“Nobody can know the full consequences of their actions, and history is full of small acts that changed the world in surprising ways,” writes Rebecca Solnit in the chapter, “On the Indirectness of Direct Action” in her book Hope in the Dark: Untold Histories, Wild Possibilities. The Tiny House Warriors are building tiny houses smack in the middle of the illegal Trans Mountain Pipeline Project, the trajectory of which crosses unceded Secwepemc Territory. The houses might be tiny, but the resistance is not. From their website:
Investors take note, the Trans Mountain Pipeline project and any other corporate colonial project that seeks to go through and destroy our 180,000 square km of unceded territory will be refused passage through our territory. We stand resolutely together against any and all threats to our lands, the wildlife and the waterways.
Tiny House Warriors, you get one pingy-dingy! Thank you for not and never ceding, for speaking truth to power, and for “building something beautiful that models hope, possibility and solutions to the world.”

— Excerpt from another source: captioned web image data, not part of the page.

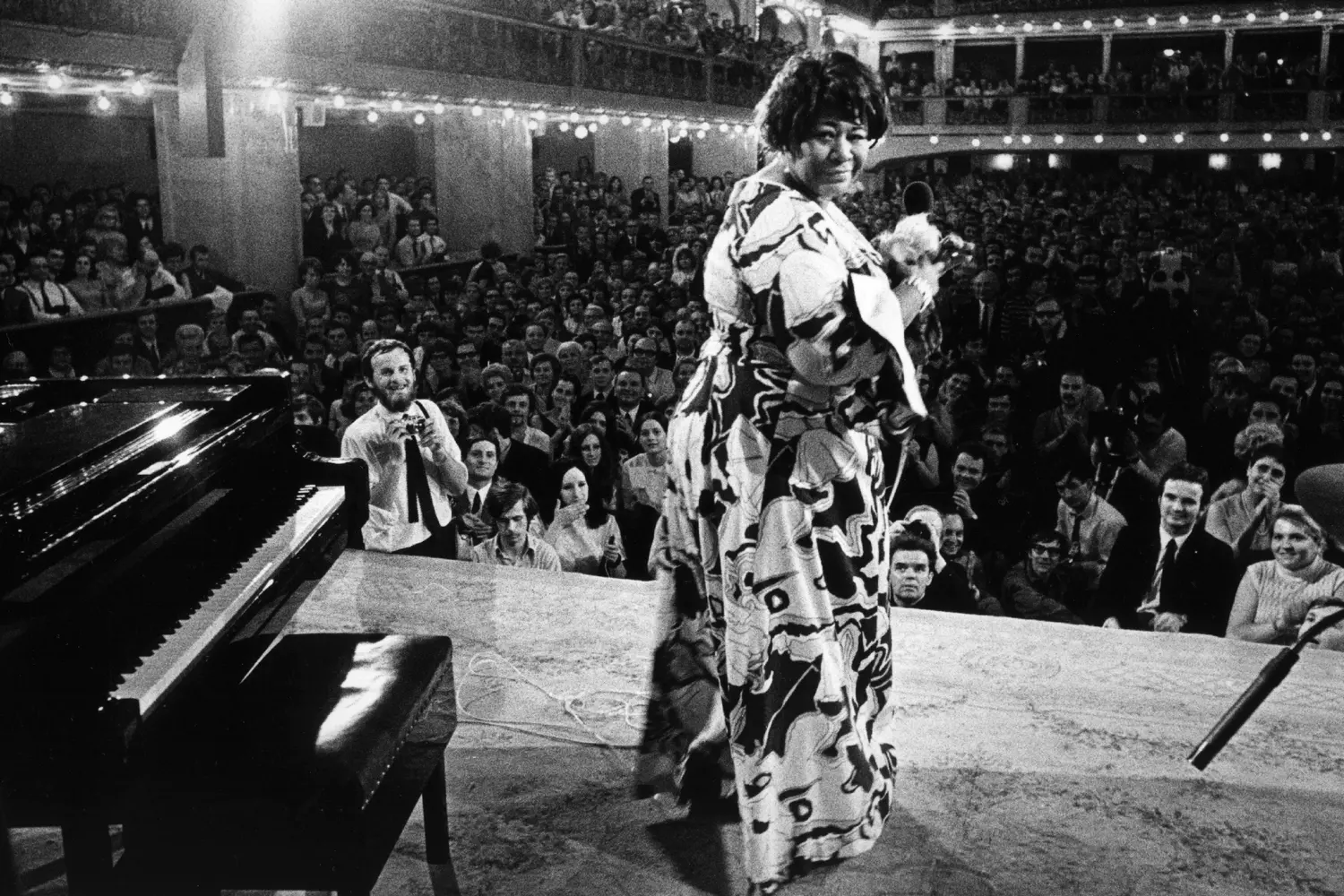 Ella Fitzgerald: The Timeless Voice of Jazz Ella Fitzgerald performing on stage with a microphone, mid-song, exuding passion and energy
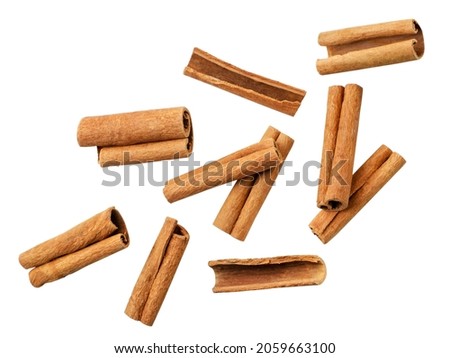 Cinnamon sticks falling close-up on a white background, cut. Isolated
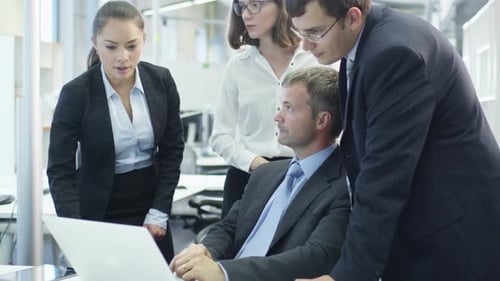 Team of Office Workers Have Discussion next to Computer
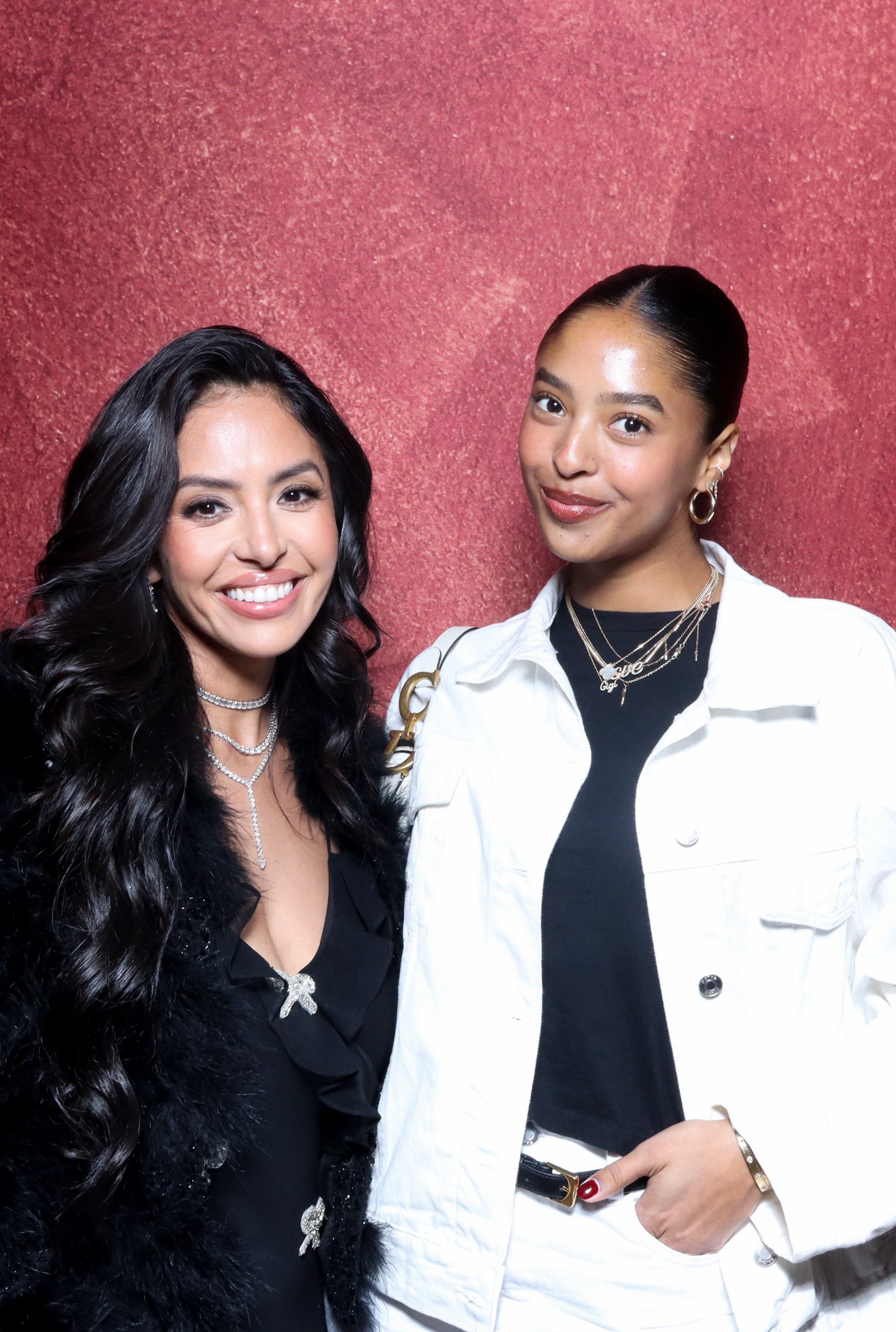Two women standing together against a red background, smiling at the camera.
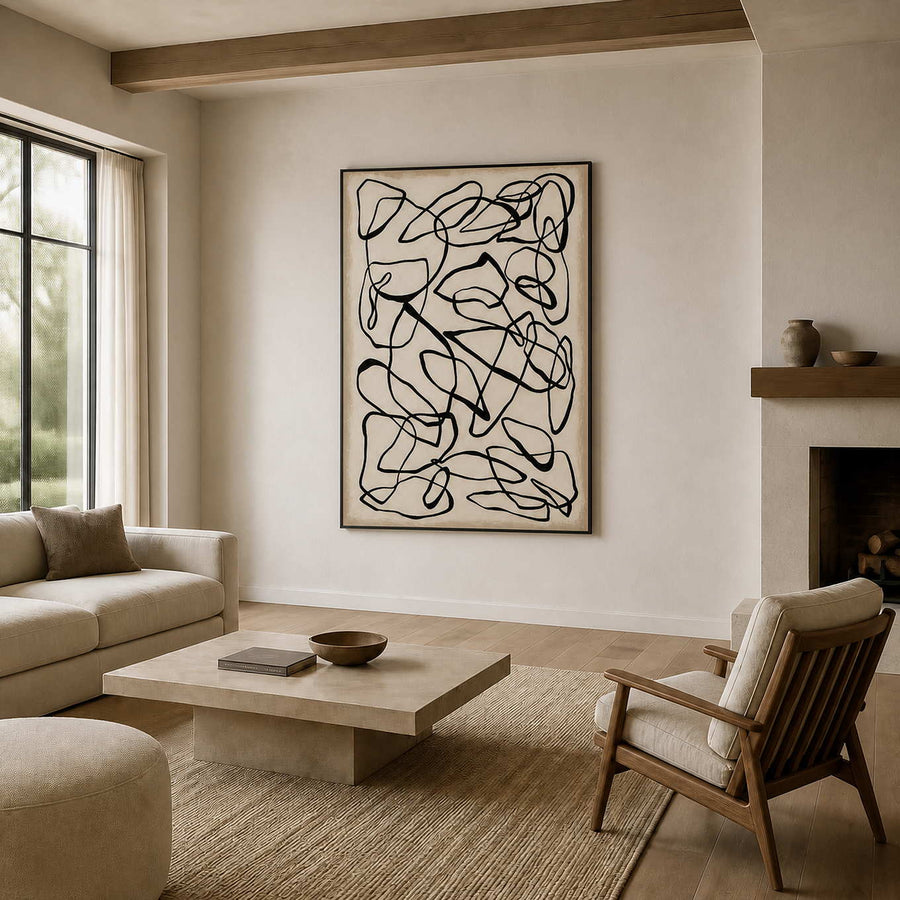 Black looping lines above a cream living room sofa beside a fireplace.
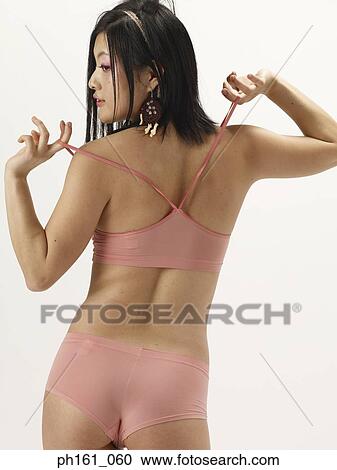 Stock Image - Woman in a bikini, back view. Fotosearch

I’m a typewriter whompin’, card catalogue lovin’ white girl from back in the day, and I yearn for a time before the covers of trade paperbacks were all squidgy, so you can imagine that I don’t actually understand what a pingback is. I do know that it can in some way be part of spreading the love, and since that’s what I’m all about at The Total Femme… every Wednesday, I pay homage to the laughter, love, and inspiration to be had elsewhere online.
At the Total Femme, my intention is to post three times a week: Meditations for Queer Femmes on Monday, Pingy-Dingy Wednesday on Wednesday and Femme Friday on Friday. Rather than play catch-up in a stressful fashion on those weeks when life prevents posting, I have decided to just move gaily forward: if I miss a Monday, the next post will be on Wednesday, and so on. Thank you, little bottle of antibiotics for inspiring me in this! (“…if it’s almost time for the next dose, skip the missed dose and continue your regular dosing schedule. Don’t take a double dose to make up for a missed one.”)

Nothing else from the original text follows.